Disparos, fotografías para sobrevivir a la violencia

 

El documental Disparos (2018) de Rodrigo Hernández y Elpida Nikou quería llamarse así como metáfora naíf: confrontar el disparo de la cámara fotográfica de Jair Cabrera –el disparo de la cultura– contra los disparos de las armas y la violencia.

Por desgracia Disparos terminó aludiendo a la violencia real, la sigilosa que merodea al periodismo mexicano. Una emboscada del narcotráfico rompió la inocencia de Jair, lo obligó a buscar asilo en Europa y crear en Disparos un suspenso amargo: México es un país de reporteros que mueren asesinados, del que acaso es mejor huir.

Pero Disparos también funciona como desafío al estado de las cosas: se debe salir y retratar más gente, se deben recuperar las calles y contar sus historias, se debe remontar la protesta y recrear un país seguro.

De eso se trata Disparos. Sus creadores nos contaron cómo lo hicieron.

¿Cómo conocen a Jair y después cómo deciden que sea el personaje de su documental?

Elpida Nikou (EN): Habíamos escuchado sobre el taller de fotografía de Jesús Villaseca, nos llamó la atención porque sabemos que Iztapalapa es un lugar violento, donde no hay oferta para los jóvenes, por eso lo quisimos conocer. Nos encantó el proyecto y empezamos a seguir a varios alumnos. Jesús nos presentó a Jair, quien ya trabajaba como fotoperiodista. Nos encantó su personaje porque a través de él podíamos contar varias cosas: cómo se vive la violencia en estos barrios, cómo vive un chavo que intenta encontrar oportunidades a través de la fotografía; por eso Jair nos enganchó.

Rodrigo Hernández (RH): En algún momento pensamos hacer la historia a través de varios alumnos, luego nos dimos cuenta que era más fuerte seguir la trayectoria de Jair.

¿Cómo fue la experiencia de ir a un territorio con fama de peligroso, como Iztapalapa?

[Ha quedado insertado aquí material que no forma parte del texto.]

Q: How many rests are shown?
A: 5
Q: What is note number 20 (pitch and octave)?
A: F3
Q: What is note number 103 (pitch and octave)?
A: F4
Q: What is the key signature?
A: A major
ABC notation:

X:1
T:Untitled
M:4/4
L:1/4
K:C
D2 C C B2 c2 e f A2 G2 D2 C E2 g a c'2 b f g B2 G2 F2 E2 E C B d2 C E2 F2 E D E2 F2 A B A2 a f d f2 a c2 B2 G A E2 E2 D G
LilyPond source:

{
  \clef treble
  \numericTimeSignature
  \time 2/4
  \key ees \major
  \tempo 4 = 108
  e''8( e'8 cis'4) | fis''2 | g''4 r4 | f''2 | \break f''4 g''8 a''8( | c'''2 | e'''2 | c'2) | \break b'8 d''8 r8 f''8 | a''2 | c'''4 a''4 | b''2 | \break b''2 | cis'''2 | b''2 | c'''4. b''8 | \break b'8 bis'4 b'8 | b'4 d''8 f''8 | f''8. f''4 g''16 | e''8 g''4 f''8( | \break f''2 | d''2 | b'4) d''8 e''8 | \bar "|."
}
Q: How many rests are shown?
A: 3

EN: Una va con prejuicios porque todo lo que oímos de estas zonas es malo y no es cierto, son zonas marginadas pero también con gente que lucha por sobrevivir. Pero para la gente que no es de allí es difícil llegar y grabar, necesitas ir con alguien del barrio y hacer confianza con ellos. En eso nos ayudaron Jesús y Jair.

El último tercio de la película, los hechos violentos que vive Jair en Guerrero, es una historia dura y parecería atenuar la primera parte, cuando se habla del barrio, de los amigos y el taller de Jesús, ¿qué problema les representaba como narrativa tener estas historias, una coyuntural, periodística y otra más “antropológica”?

RH: Para nosotros era importante contar la evolución de la violencia a través de alguien que cubría la fuente de la violencia. Queríamos empezar con un chico de barrio y cómo con su trabajo se extiende su participación: primero en la Ciudad de México y luego por todo el país. Lo que pasa en Guerrero es simbólico, pues por desgracia eso le pasa a buena parte de los periodistas que cubren violencia en México: se ven afectados por la misma violencia que están contando. Era difícil ese contraste, pero nosotros queríamos empezar desde ahí para contar una historia global: la violencia en México.

¿Cómo fue la relación personal con Jair y Jesús?

EN: Grabamos casi cuatro años, estuvimos conociéndolos como familia. Cuando a ellos les pasaban cosas, a nosotros también; ahora no los consideramos personajes sino un proyecto compartido. Con Jair trabajamos juntos, estamos en una cooperativa audiovisual y desde hace varios años él participa en proyectos de distintas partes del mundo: Europa, Afganistán, Kosovo; nos volvimos cercanos a él. Es una relación que va más allá del documental.

RH: Y Jesús sigue en El Faro y La Jornada, es posible que empiece a hacer talleres en todo Iztapalapa. Muchos que han pasado por el taller y más gente de Iztapalapa se han acercado a él a decirle: “Órale, qué chingón lo que has hecho”, “muchas gracias”. Eso es algo con lo que estamos súper contentos.

¿Cómo ha sido la respuesta a ‘Disparos’ en festivales, muestras y proyectos como Ambulante?

RH: Estuvimos en varias ciudades con Ambulante, también en el Festival de Guadalajara y no esperábamos la respuesta, mucha gente se sintió muy identificada con Jair. Mucha gente se ha acercado a nosotros y llegan atorados, emocionados: no es una película esperanzadora, que era lo que queríamos al principio, es una película que refleja cómo está el país. Estamos súper contentos de las exhibiciones, de cómo nos la piden en un montón de centros sociales, en universidades; es algo bonito que nos da ilusión. Estrenamos el viernes en Múnich pero la gente nos la está pidiendo para exhibirla en su barrio o sus colonias, eso es emocionante para nosotros.